What’s right about America

Christopher Hitchens reviews a tough-minded appreciation of American foreign policy

BY Christopher Hitchens LAST UPDATED AT 10:17 ON Thu 4 Sep 2008

Bronwen Maddox is a tough-minded editor and reporter who prefers to do her own thinking, so she might not like to be told that she has written a terse book that is also boring and obvious. Yet I intend a compliment by this observation. The points she makes in defence of the US are as self-evident (and as important) as the dry, dull comment made by my old ex-Communist mate David Aaronovitch, when we once debated with the smug Americaphobes at some Parnassus or other.

"If there is going to be a superpower," said David to a storm of boos, "then I am glad it will be the US and not Russia or China." The best apercus are - don't you find? - very often the simplest ones.     

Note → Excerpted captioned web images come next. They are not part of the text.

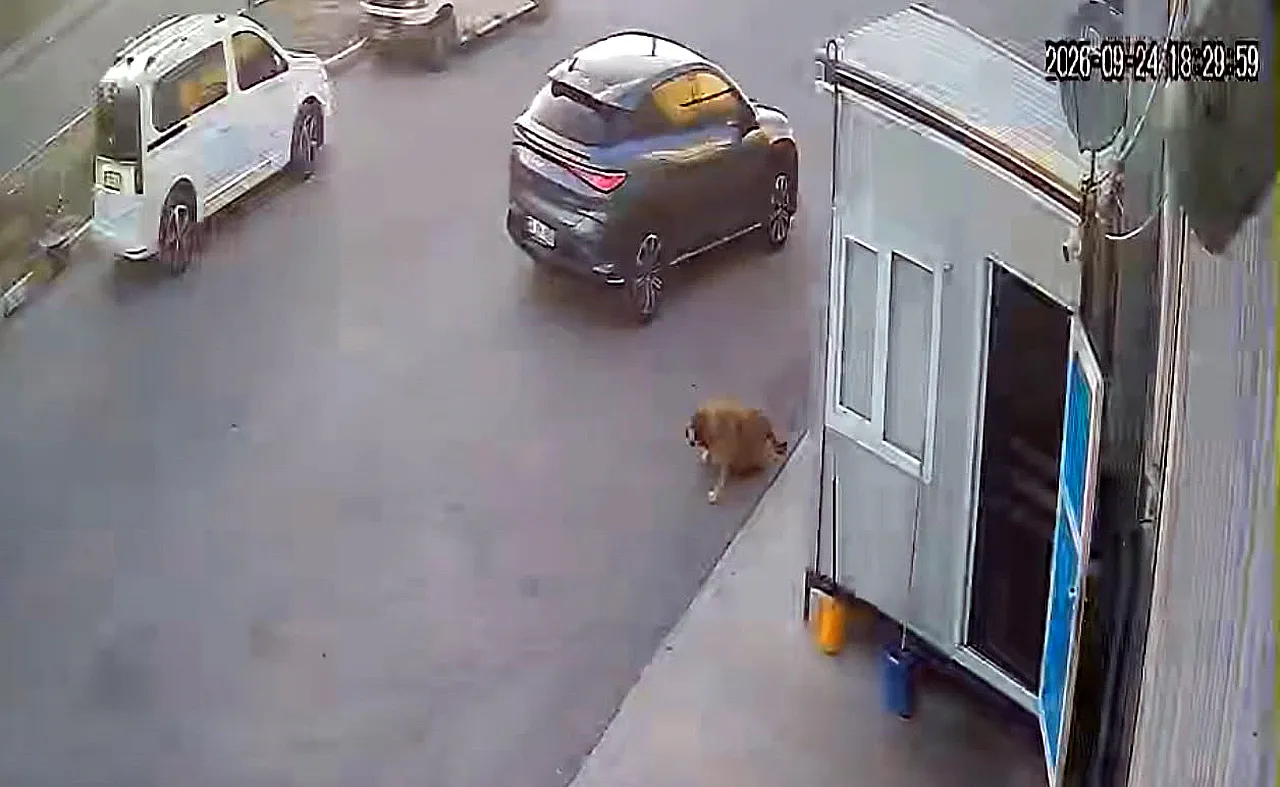 Görenlerin İçini Sızlatan Görüntü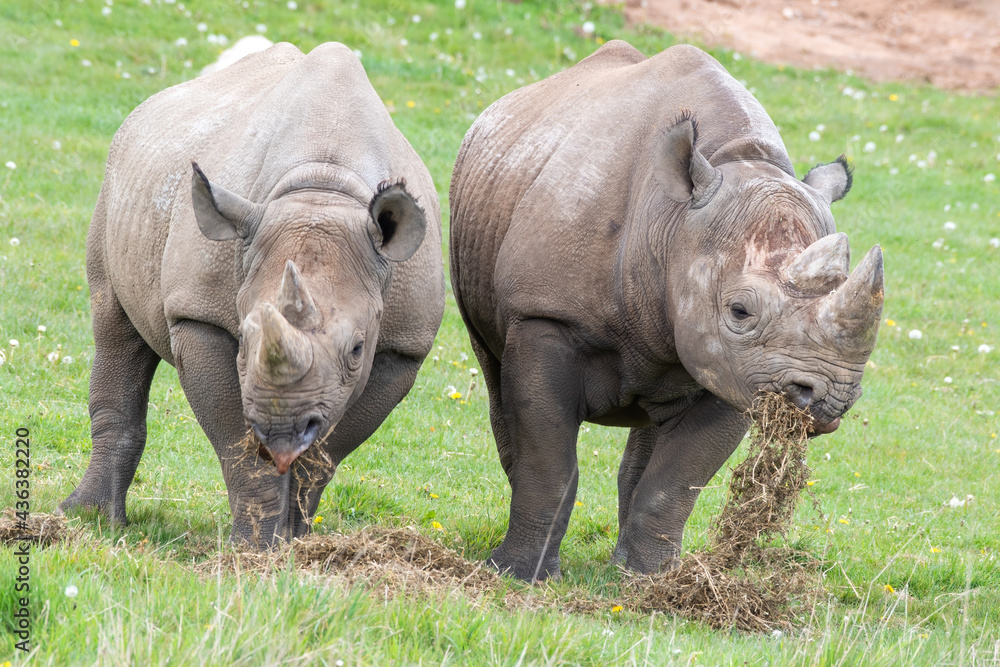 Naklejka premium Pair of Eastern Black Rhino's Standing on Grass Feeding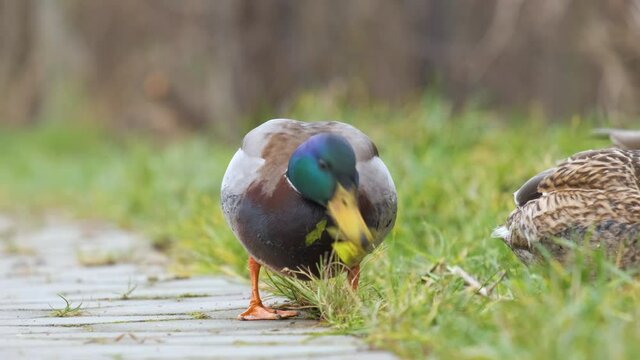 Wild duck eating green grass in summer park.
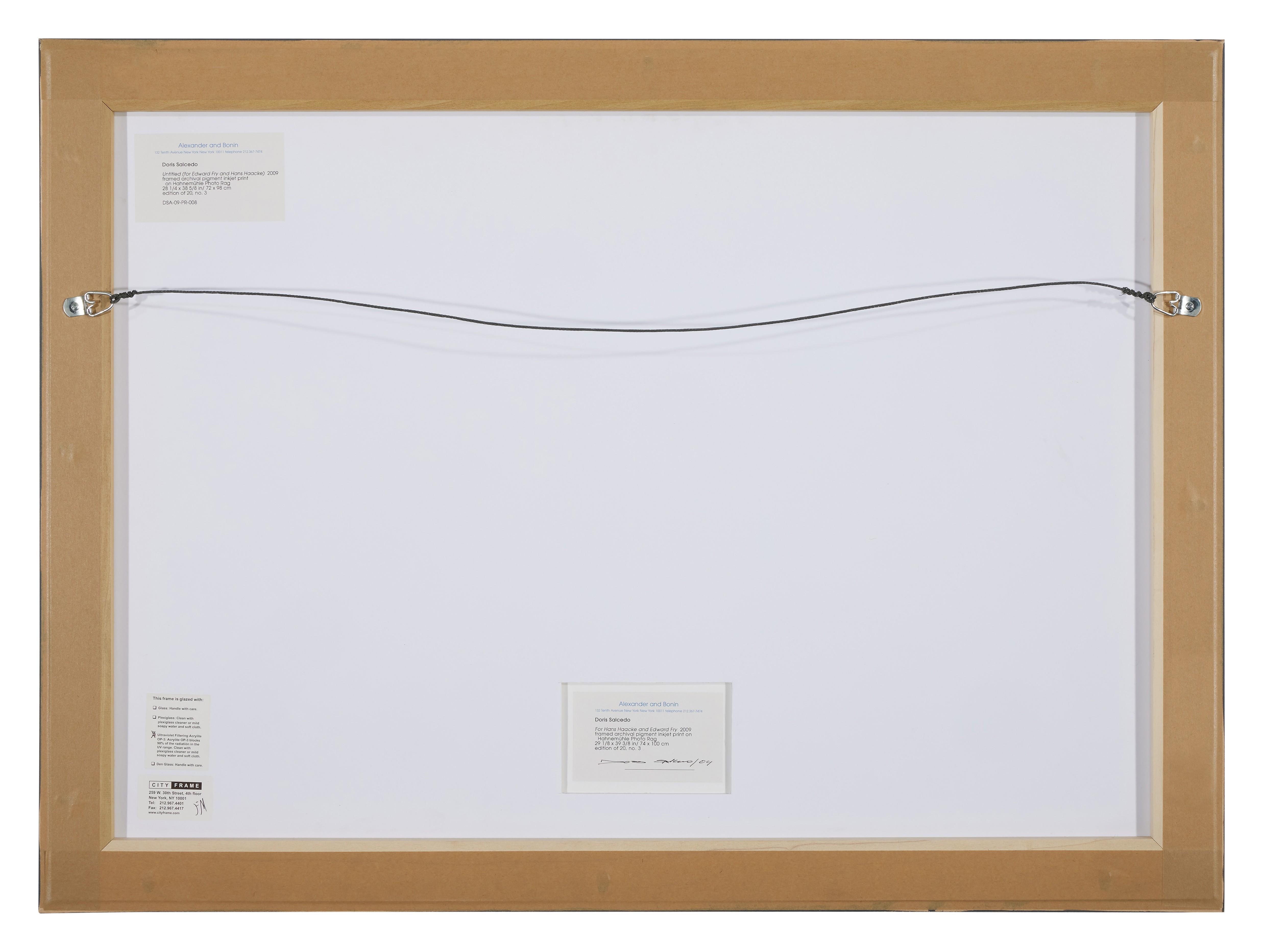 Doris Salcedo - For Hans Haacke & Edward Fry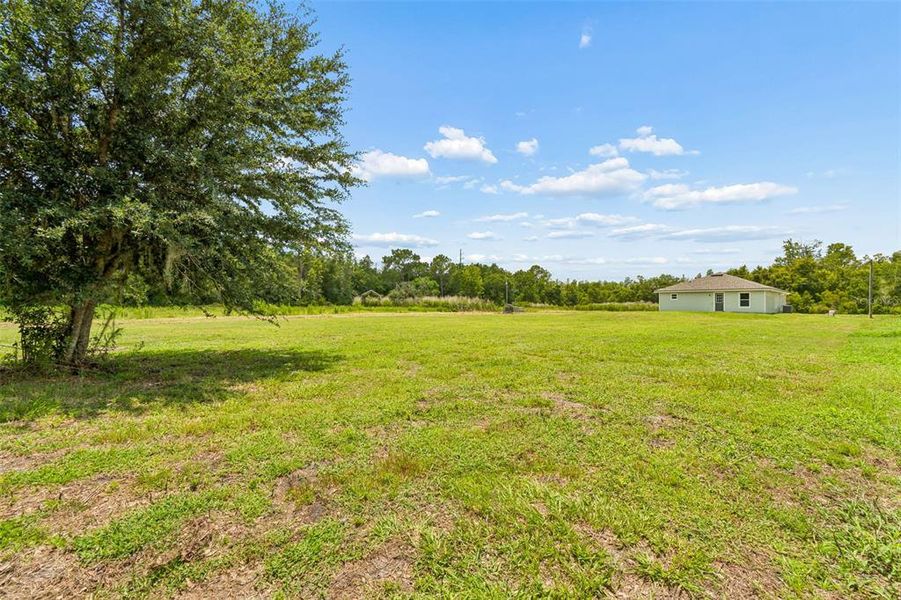 Natural landscape and outdoor views near  in Lakeland (Image 35).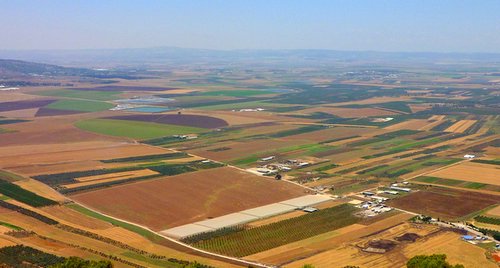 מרחבים אין סופיים שפע פרי האדמה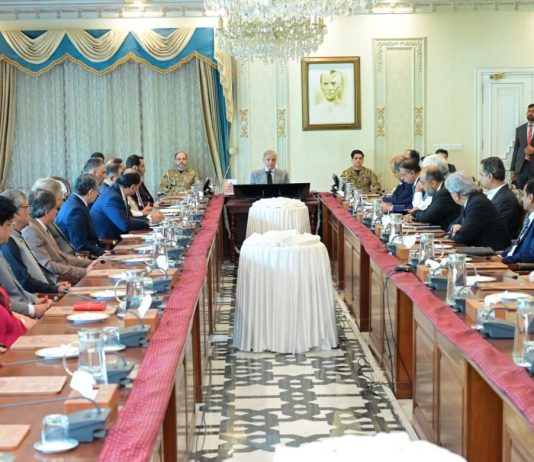 PM Shehbaz hails economic team for delivering relief-oriented budget despite fiscal constraints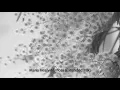 Maria Healy-Mimosa (Extended Mix)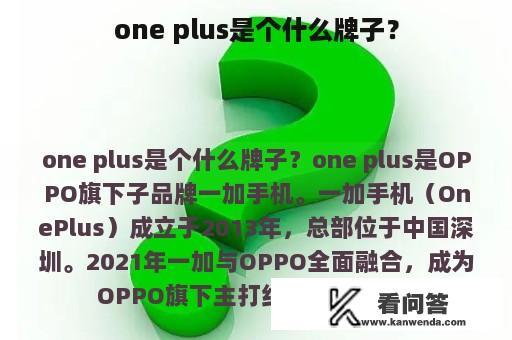 one plus是个什么牌子？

Many people find it somewhat easier to denounce Russian and Chinese arrogance now that Moscow and Beijing are the HQ of two capitalist empires, but for those (like myself) reared in the Vietnam epoch it has often been difficult to let go of the image of the hydra-headed Yanqui system that incinerated Indochina, destabilised Chile, backed Franco and invaded Lebanon and the Dominican Republic.

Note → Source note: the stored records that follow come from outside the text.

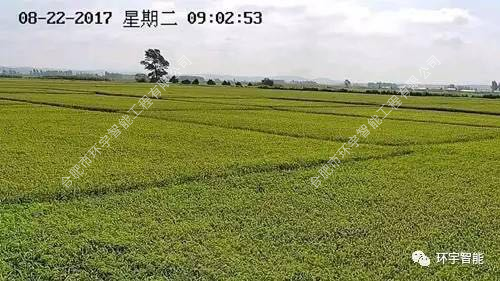 1733278497468616.png 圖片 9.png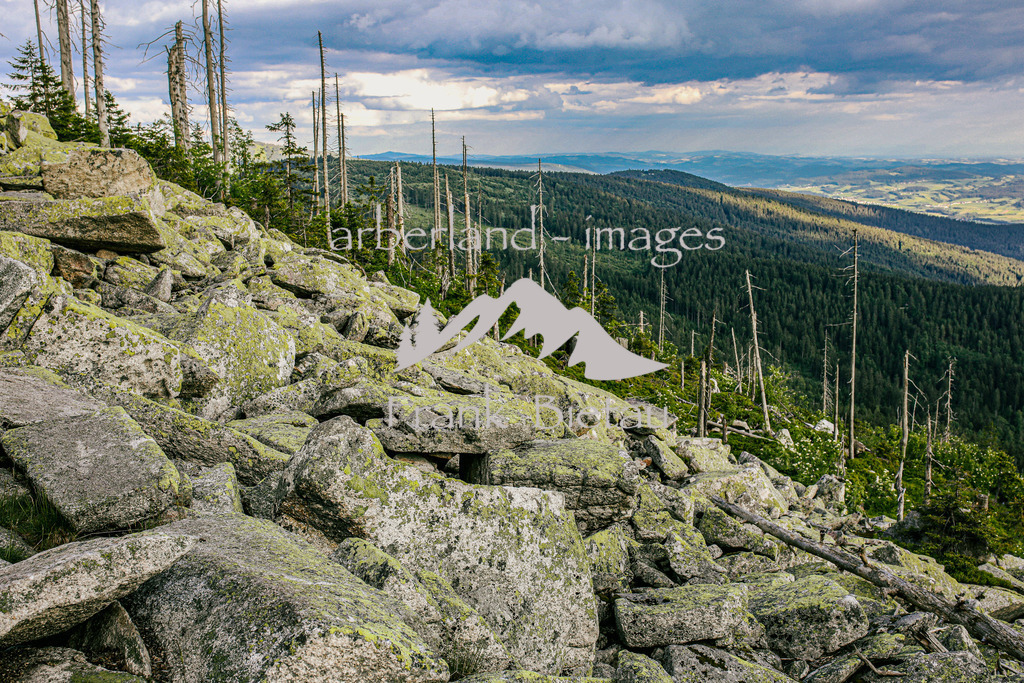OE7A4129 | das Steinerne Meer am Dreisessel, von hierwunderschöner Ausblick ins Mühlviertel, Österreich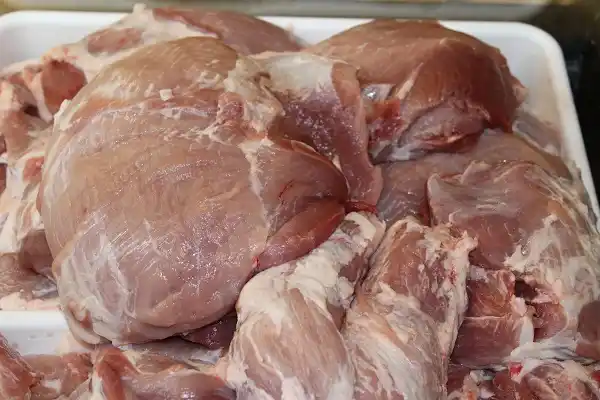 Importación de porcinos: Con la mirada puesta en el control sanitario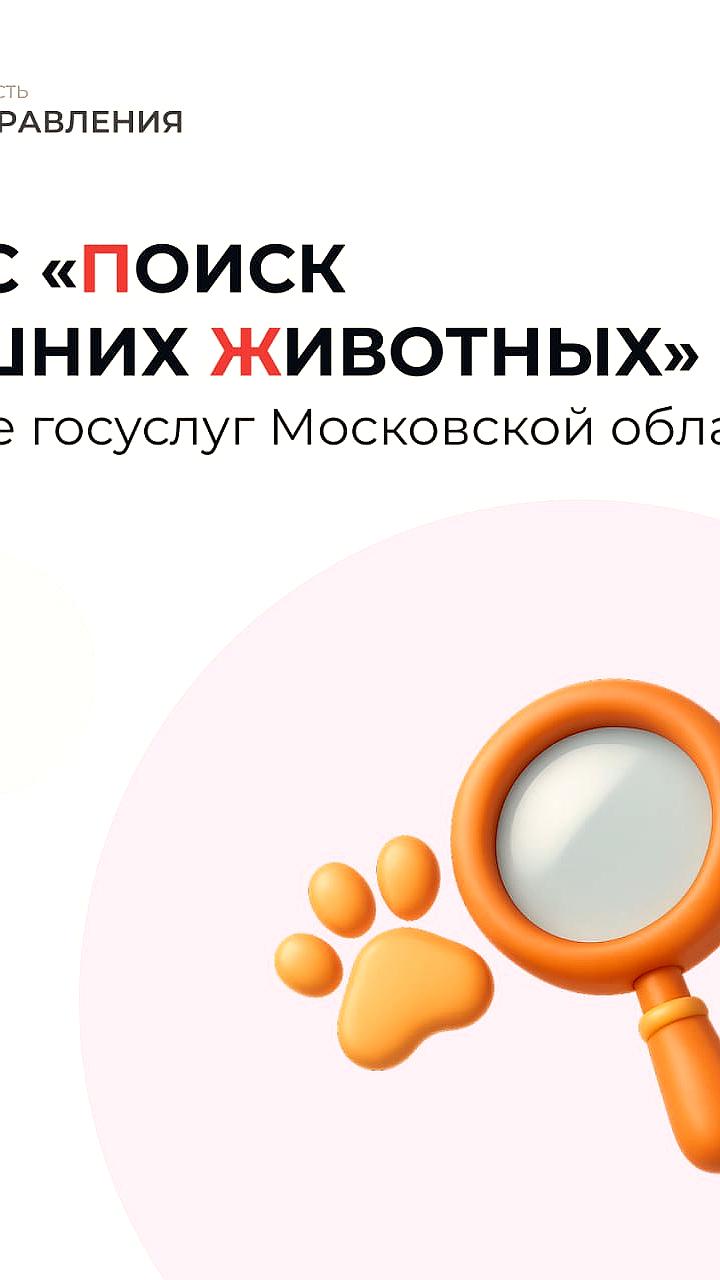 Новый сервис поиска домашних животных в Подмосковье использует ИИ для помощи в нахождении питомцев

Maddox is from a later generation and to her it is more natural to identify Washington with the emancipation of eastern Europe, the spread of democratic and market-based institutions, the votes at the UN (and actions within Nato) to bring down Milosevic, isolate Mugabe, at least try a bit with Darfur, depose the Taliban and - here is where the rubber meets the road - finally enforce the thesaurus of UN resolutions in respect of Iraq.   

This book is a long way short of being an encomium. On a range of questions that stretch from Guantanamo to Kyoto to Abu Ghraib, Maddox is prepared essentially to split the difference and to say that America's critics are at least half-right. Her plea or brief is more concerned with the mens rea: she is generally ready to argue that American motives and intentions are fundamentally honorable.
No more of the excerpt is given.